▸ THE PROBLEM: Set down again exactly the lines of the listing below that fall between the line holding "9320 Sunrise Lakes" and the line holding "70 Quentin Rd, Springfield, MA", inclusive.

▸ TASK INPUTS:
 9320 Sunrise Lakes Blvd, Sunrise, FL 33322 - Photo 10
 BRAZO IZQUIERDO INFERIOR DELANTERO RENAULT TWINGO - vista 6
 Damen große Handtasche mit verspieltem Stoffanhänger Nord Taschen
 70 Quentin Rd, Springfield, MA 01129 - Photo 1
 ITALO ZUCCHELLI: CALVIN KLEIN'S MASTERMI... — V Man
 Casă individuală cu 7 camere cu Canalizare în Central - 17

...

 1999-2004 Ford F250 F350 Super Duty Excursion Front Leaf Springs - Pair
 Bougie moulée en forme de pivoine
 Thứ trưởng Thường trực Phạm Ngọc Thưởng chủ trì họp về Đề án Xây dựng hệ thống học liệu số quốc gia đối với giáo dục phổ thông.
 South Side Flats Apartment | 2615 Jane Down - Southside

▸ RESULT BELOW:
 9320 Sunrise Lakes Blvd, Sunrise, FL 33322 - Photo 10
 BRAZO IZQUIERDO INFERIOR DELANTERO RENAULT TWINGO - vista 6
 Damen große Handtasche mit verspieltem Stoffanhänger Nord Taschen
 70 Quentin Rd, Springfield, MA 01129 - Photo 1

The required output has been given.